The sed (Stream Editor) FAQ - 4.23. How do I match a block of <i>specific</i> consecutive lines?

The sed FAQ
Prev	Home	Next

4.23. How do I match a block of specific consecutive lines?

There are three ways to approach this problem:

       (1) Try to use a "/range/, /expression/"
       (2) Try to use a "/multi-line\nexpression/"
       (3) Try to use a block of "literal strings"

We describe each approach in the following sections.

4.23.1. Try to use a "/range/, /expression/"
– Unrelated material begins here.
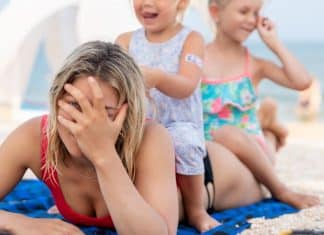 The Excruciating Pressure of Modern Motherhood mom holding her head while two children sit on her pressure of modern motherhood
If the block of lines are strings that never change their order and if the top line never occurs outside the block, like this:

       Abel
       Baker
       Charlie
       Delta

then these solutions will work for deleting the block:

     sed 's/^Abel$/{N;N;N;d;}' files    # for blocks with few lines
     sed '/^Abel$/, /^Zebra$/d' files   # for blocks with many lines
     sed '/^Abel$/,+25d' files          # HHsed, sedmod, ssed, gsed 3.02.80

To change the block, use the 'c' (change) command instead of 'd'. To print that block only, use the -n switch and 'p' (print) instead of 'd'. To change some things inside the block, try this:

     /^Abel$/,/^Delta$/ {
         :ack
         N;
         /\nDelta$/! b ack
         # At this point, all the lines in the block are collected
         s/ubstitute /somethin/g;
     }

4.23.2. Try to use a "multi-line\nexpression"

If the top line of the block sometimes appears alone or is sometimes followed by other lines, or if a partial block may occur somewhere in the file, a multi-line expression may be required.

In these examples, we give solutions for matching an N-line block. The expression "/^RE1\nRE2\nRE3...$/" represents a properly formed regular expression where \n indicates a newline between lines. Note that the 'N' followed by the 'P;D;' commands forms a "sliding window" technique. A window of N lines is formed. If the multi-line pattern matches, the block is handled. If not, the top line is printed and then deleted from the pattern space, and we try to match at the next line.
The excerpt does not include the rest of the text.